I have 7 hours and 30 minutes now. I’m mighty far away from soloing though. I guess the average cadet solos in about 12 hours. I hope I’m average.

I sent a letter to Two Harbors the other day but you have probably left Edison’s by now. Why don’t you stay up there for the entire hay fever season. Jocie could stay with Christianson’s couldn’t she?

Well, darlings, take care of yourselves and don’t worry about me.

Love Jim

Yesterday the motor conked (quit).

Letter start


Well, I stayed in this week no money-I wonder if they’ll ever pay us. Oh, well, I have some time to write and study my navigation problems.

I have nearly 6 hours now. I’m beginning to feel like one of the boys now. My instructor is attempting to teach me landings. I sometimes wonder if I will ever learn anything. So far he hasn’t given me a pink slip (three pink slips on consecutive days means an elimination ride) one of the A/C’s in our group has received two pinks in a row. He’s worried to death-poor guy. There are so many things to watch up in the air. The wings must be level, altimeter at 500 feet, not 503. Or any altitude he designates.

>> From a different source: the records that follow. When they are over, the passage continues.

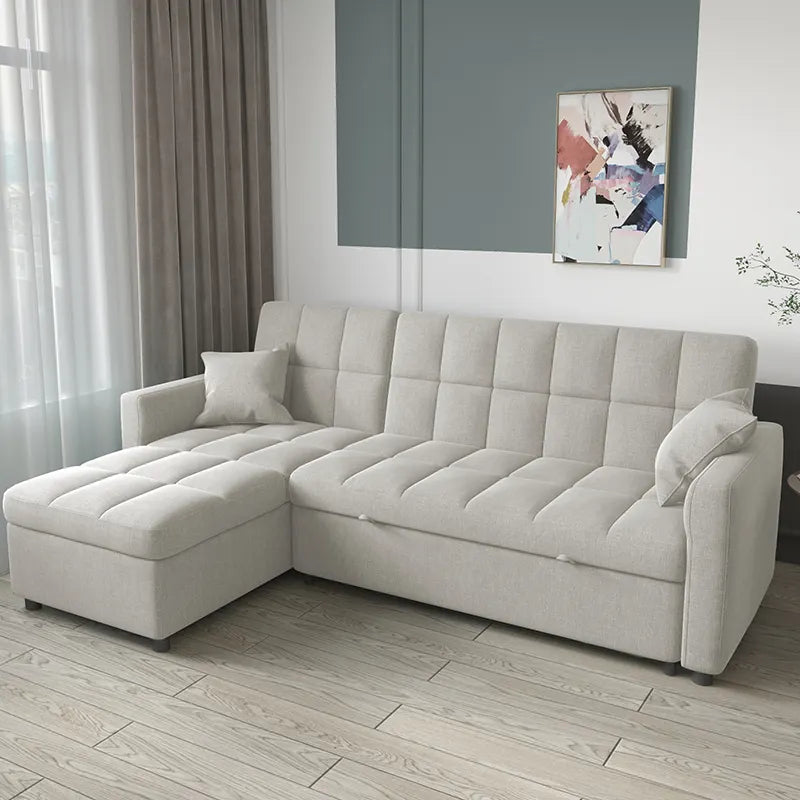 Confy Sofa Cum Bed In Suede - Luxe Maple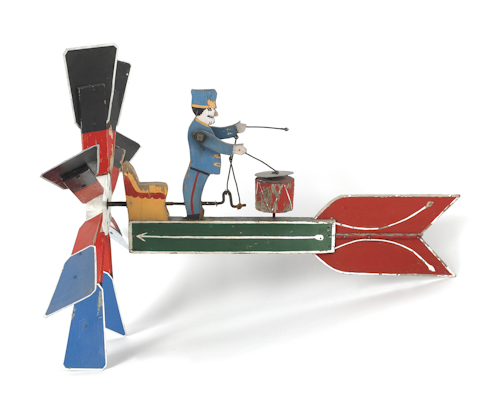 Painted wood whirligig 20th c. of a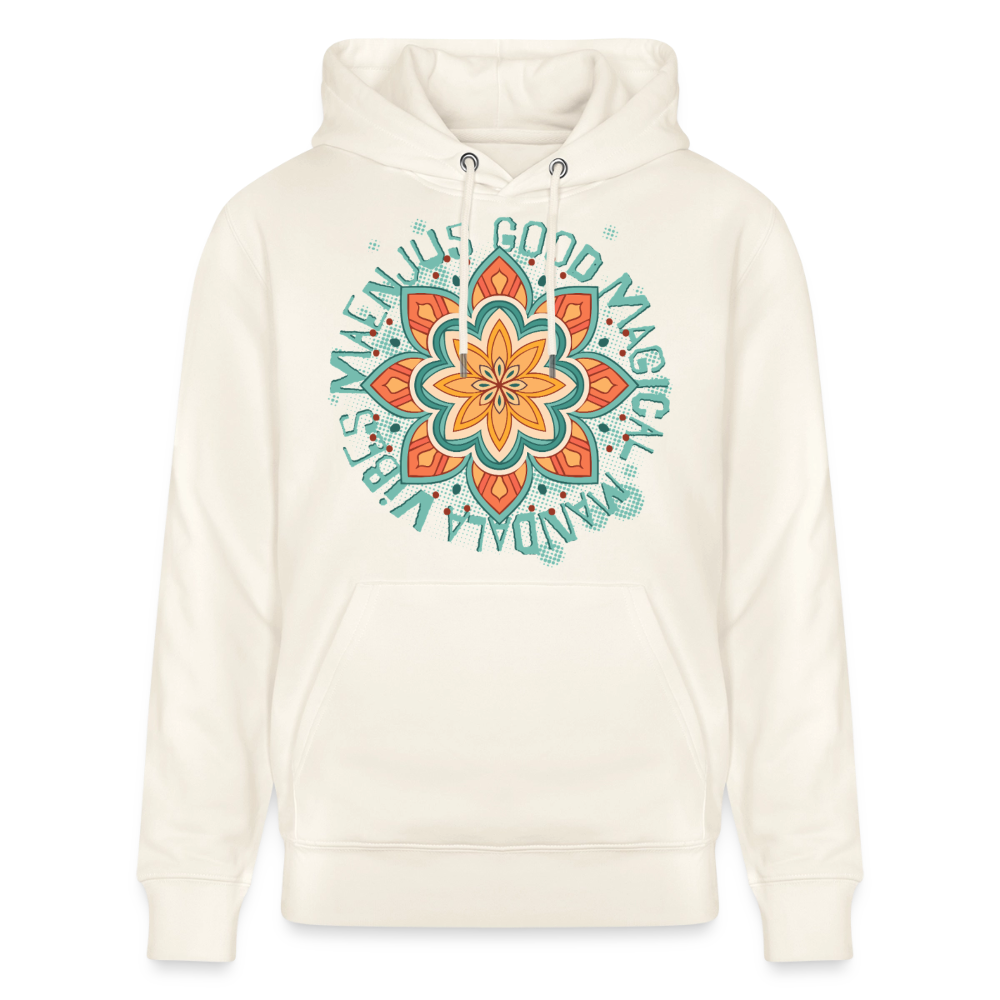 Mandala türkis Design – Unisex Bio-Hoodie - Naturweiß 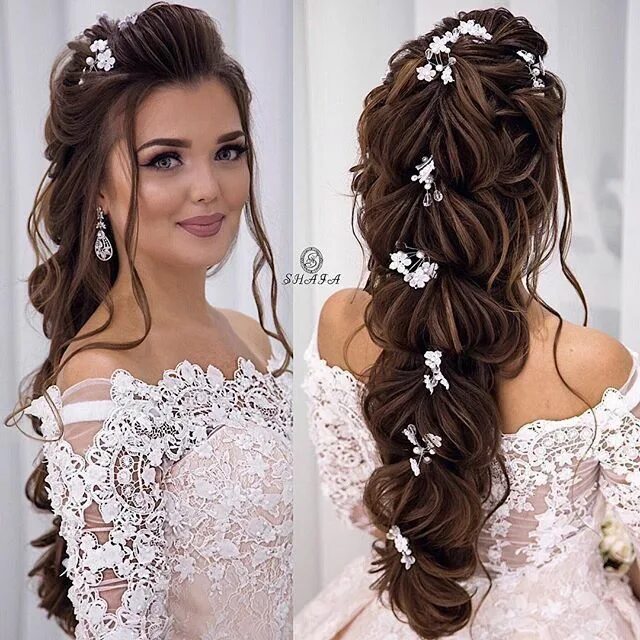 Pin by Ashley Green on Wedding Bridal hair down, Bridal hair and makeup, Wedding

If your nose climbs a little steep you can expect a scream from the front cockpit. Your head must be moving constantly. Watching for the planes. The instructor has a rearview mirror-placed on the wing so he can see every move you make. Sometimes I get so angry at my mistakes-I cussed myself for making such crazy mistakes. I’m trying my darndest to fly that ship and not let that ship fly me. If you get behind up there then you’re done. I never realized there was so much to learn about flying.

Yesterday the motor conked (quit). My instructor yelled “give me those controls.” I thought he had turned the motor off himself. He had a field picked out in a minute. We made a good landing considering the field was very rough. I didn’t get scared until everything was over. My instructor said that was the first time the motor had conked since he had been stationed at Rankin. Maybe I’m a jinx-

Love Jim

When you dive for old mother Earth at 200 mph-it really thrills you


Dear Mother-

Your letters were lovely, darling. All my friends admired your writing-I’m very proud of my mother, you know. So happy to hear the North woods agrees with you. I always thought those shots were a lot of bunk.

It was swell, inviting Thelma up for the weekend. She’s been so nice to me mother. She writes every day and always has something nice to say about Jocie and you, darling. Thelma sent a beautiful pair of sunglasses to me-they are very good ones-she’s really swell.

Yesterday I flew very well-I even received a compliment from my instructor-which is very seldom.

He is teaching me spins-gosh! They are fun. When you dive for old mother Earth at 200 mph-it really thrills you. Three of my pals washed out already-they are taking it pretty tough. I feel so sorry for them. I think it’s best to acquire an attitude “Well, it’s for my own good.”

If you can’t fly-you can’t-I don’t care if it’s all American fullback-they wash out just as easily as the little puny fellow.

I can’t realize, it’s fall already, but time flies so fast for us because we are always on the go. I would love to have a two-week furlough so I could come home to you.

I’ll bet Dad would like my uniform wouldn’t he. Dad’s really a good egg-I’m so lucky-I have parents that I can really be proud of-say, by the way, one of my roommates hails from Denver-he said that he has been to Leadville a number of times. He claims it’s still a wild little town. If you come out to see me, you could stop in Leadville. Well mother, don’t hurt yourself chopping wood, I want you all in one piece.

Love Jim.

I haven’t too much time to write these letters so you’ll have to bear the poor writing.